Technology/Services

Wawa Wants Cash

Encouraging customers at some locations to pay for fuel with cash

CHESTER, Pa. -- Wawa has started a program it hopes will encourage its customers to pay cash at the gasoline pumps, bucking a trend of increasing use of debit and credit cards, reported The Chester Daily Local.

At nine of its stores, including one in Nottingham in southern Chester County, Pa., the company is offering a cash discount for gasoline purchases. Depending on the location, the discount is 1 to 5 cents, id Steve Gamble, gasoline services manager at Wawa, told the newspaper.

The intent is to "pass along savings to our customers," he added.

Five of the stores in the [image-nocss] program in the Lehigh Valley have been testing it for six months. Last week, it started at several stores in Maryland and this week, several stores in New Jersey will also offer the cash discounts, Gamble said.

In the Lehigh Valley, "customers are giving us positive feedback," he told the newspaper. "As we get closer to our core market in the future, we will start the second phase of testing."

One thing to consider is how the cash discounts will play out in different states, Gamble said. He pointed out, however, that if customers use the Wawa Visa card, the points back will be more beneficial than the cash discount. The Wawa credit card offers 10% savings on Wawa purchases for the first 90 days and 4%, thereafter.

Rolf Hanson of the Associated Petroleum Industries of Pennsylvania said while this is not a trend, it does happen usually as a way for individual companies to bring customers through the door. "It is a marketing opportunity," he told the paper.

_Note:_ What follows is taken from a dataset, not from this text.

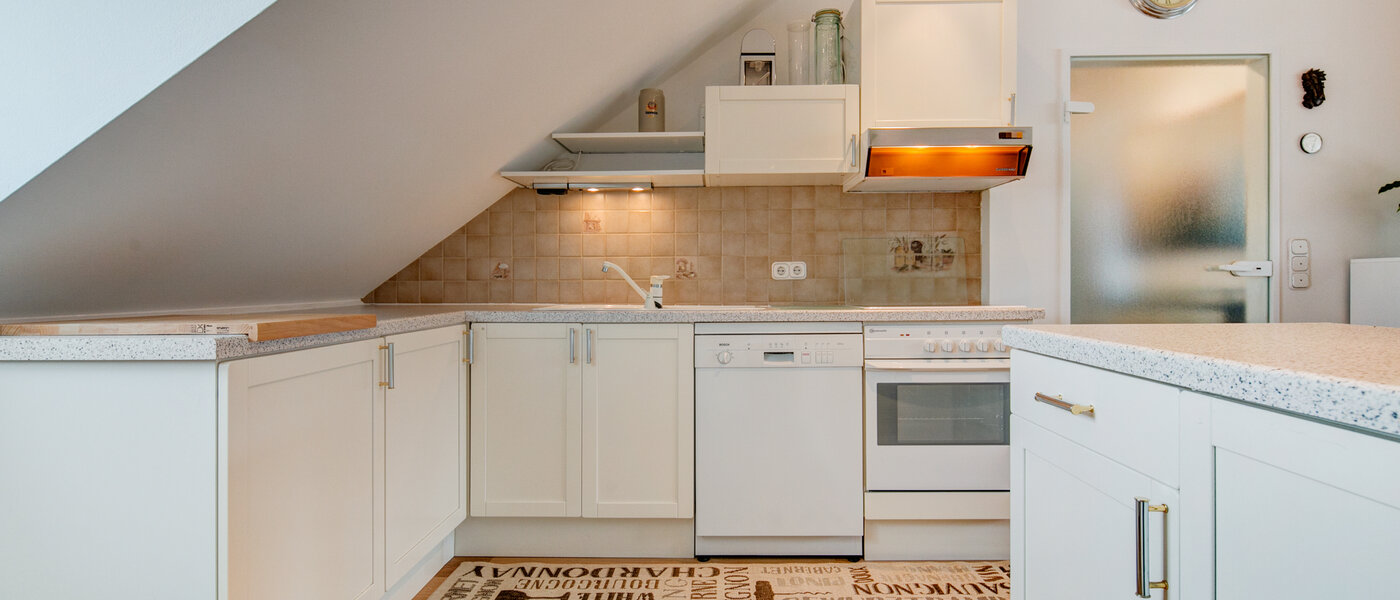 Dachgeschosswohnung München Thalkirchen 02 Küche 9893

And Ross Dibono, executive director of the Pennsylvania Gasoline Retailers Association, told the paper that cash discounts are happening in different pockets of the country.

There is no conflict with the credit card companies because the store is not upcharging. Upcharging, Dibono explained, would be if a customer bought $50 in gas but was charged 5% more, or $52.50, if the customer used a credit card. Instead, it is offering a discount. If the customer rings up a $50 gas purchase, a 5% discount means the customer would pay $47.50 in cash."

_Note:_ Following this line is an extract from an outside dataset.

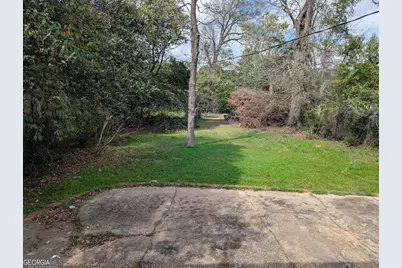 611 Whitney Avenue, Albany, GA 31701 - Photo 15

We would love to see Wawa do this across the board," Dibono told the paper.

In addition to saving the customer money, cash for gasoline helps the retailer, the report said. Credit card companies charge an interchange fee. At present, that fee is 3%, Dibono said. At $3.30 a gallon, 3% is 9.9 cents. The retailer makes 10 cents a gallon, "if they are lucky," Dibono added.

As gasoline prices go up, interchange fees go up, too, "taking all the profit out for independents," Dibono said.